▶ _Task description_: In the material below, write out each line word for word and omit the pictures.

▶ _Collected data_:

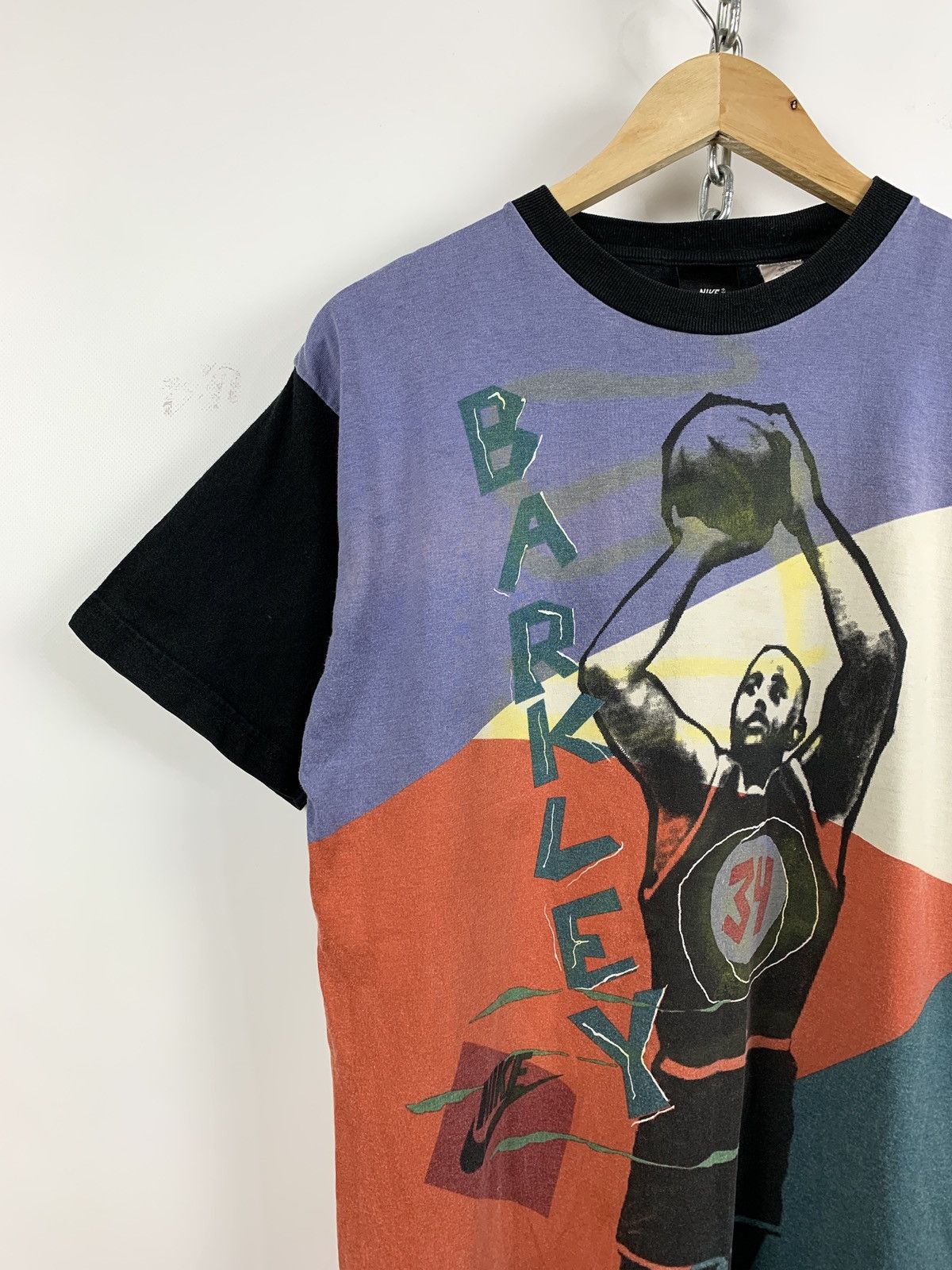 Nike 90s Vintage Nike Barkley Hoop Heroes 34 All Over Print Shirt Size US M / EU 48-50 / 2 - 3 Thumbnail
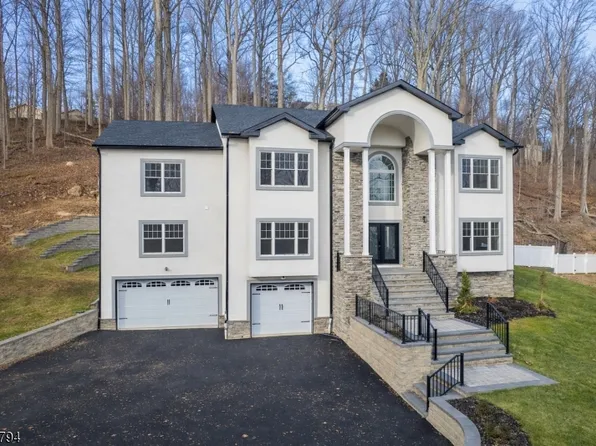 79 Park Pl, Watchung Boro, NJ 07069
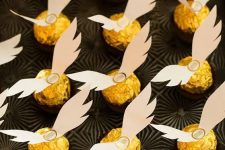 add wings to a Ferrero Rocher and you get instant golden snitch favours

▶ _Final answer_:
 Nike 90s Vintage Nike Barkley Hoop Heroes 34 All Over Print Shirt Size US M / EU 48-50 / 2 - 3 Thumbnail
 79 Park Pl, Watchung Boro, NJ 07069
 add wings to a Ferrero Rocher and you get instant golden snitch favours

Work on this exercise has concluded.